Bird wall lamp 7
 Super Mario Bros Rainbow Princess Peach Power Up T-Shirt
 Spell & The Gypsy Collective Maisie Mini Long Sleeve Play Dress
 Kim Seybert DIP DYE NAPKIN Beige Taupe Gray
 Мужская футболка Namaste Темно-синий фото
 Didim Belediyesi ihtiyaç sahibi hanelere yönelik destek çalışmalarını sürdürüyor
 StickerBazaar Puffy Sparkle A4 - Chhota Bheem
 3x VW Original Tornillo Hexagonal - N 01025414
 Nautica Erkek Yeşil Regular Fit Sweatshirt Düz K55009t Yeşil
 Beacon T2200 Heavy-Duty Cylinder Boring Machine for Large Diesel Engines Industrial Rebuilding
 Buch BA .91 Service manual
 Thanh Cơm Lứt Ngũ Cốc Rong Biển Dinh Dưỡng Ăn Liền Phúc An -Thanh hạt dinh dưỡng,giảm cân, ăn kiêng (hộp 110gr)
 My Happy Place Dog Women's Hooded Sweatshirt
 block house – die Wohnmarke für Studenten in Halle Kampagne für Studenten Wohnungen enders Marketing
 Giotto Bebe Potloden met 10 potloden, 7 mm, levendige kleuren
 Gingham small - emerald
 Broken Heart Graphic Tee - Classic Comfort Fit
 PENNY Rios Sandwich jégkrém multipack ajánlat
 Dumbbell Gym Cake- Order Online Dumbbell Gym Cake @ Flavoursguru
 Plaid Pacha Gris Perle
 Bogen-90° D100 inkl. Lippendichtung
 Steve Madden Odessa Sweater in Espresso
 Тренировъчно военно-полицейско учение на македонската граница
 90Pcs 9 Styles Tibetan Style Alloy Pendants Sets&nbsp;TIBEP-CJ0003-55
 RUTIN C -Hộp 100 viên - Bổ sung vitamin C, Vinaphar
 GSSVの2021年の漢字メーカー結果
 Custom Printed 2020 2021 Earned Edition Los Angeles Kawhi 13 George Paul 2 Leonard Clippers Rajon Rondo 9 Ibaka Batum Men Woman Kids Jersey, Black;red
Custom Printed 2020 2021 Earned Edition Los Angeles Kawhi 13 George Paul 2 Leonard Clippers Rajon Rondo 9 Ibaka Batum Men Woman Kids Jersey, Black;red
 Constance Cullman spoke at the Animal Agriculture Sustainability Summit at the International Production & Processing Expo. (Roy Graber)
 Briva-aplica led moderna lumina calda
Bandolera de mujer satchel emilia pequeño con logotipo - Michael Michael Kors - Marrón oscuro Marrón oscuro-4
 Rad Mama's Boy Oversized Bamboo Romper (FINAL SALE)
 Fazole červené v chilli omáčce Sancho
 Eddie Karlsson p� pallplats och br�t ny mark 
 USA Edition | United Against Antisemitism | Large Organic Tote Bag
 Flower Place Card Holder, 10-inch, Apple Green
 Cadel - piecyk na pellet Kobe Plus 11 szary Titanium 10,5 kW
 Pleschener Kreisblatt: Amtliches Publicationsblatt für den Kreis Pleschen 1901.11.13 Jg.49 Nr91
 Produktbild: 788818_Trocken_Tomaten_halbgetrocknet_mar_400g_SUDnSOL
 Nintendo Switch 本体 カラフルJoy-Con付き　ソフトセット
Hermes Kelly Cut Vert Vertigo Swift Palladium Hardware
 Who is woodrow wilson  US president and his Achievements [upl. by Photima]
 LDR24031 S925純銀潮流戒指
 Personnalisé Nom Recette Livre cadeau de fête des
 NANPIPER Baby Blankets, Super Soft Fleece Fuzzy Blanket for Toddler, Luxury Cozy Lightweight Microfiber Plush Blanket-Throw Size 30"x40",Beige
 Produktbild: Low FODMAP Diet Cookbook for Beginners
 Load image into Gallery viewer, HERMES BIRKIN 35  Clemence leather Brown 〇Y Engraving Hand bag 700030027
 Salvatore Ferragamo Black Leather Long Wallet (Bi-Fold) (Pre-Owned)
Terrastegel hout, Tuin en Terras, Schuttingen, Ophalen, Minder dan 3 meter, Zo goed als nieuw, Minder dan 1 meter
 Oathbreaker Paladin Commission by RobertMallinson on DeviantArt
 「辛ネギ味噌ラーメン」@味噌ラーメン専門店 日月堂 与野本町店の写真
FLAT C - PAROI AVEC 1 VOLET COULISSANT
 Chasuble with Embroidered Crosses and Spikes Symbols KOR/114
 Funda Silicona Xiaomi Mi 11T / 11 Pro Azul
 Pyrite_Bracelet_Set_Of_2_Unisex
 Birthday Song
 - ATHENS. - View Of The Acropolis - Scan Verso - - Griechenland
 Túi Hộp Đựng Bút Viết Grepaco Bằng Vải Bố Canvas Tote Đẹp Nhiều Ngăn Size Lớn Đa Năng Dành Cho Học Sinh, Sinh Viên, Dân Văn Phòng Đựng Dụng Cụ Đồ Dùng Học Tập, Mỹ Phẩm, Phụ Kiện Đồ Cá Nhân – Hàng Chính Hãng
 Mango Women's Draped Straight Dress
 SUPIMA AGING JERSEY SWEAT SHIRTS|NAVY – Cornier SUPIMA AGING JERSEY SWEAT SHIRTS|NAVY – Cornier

What is required: Exact copies of the line containing "Mango Women's Draped Straight Dress" and of every line after it through the end of the entries are all that should be output.

Exercise output:
 Mango Women's Draped Straight Dress
 SUPIMA AGING JERSEY SWEAT SHIRTS|NAVY – Cornier SUPIMA AGING JERSEY SWEAT SHIRTS|NAVY – Cornier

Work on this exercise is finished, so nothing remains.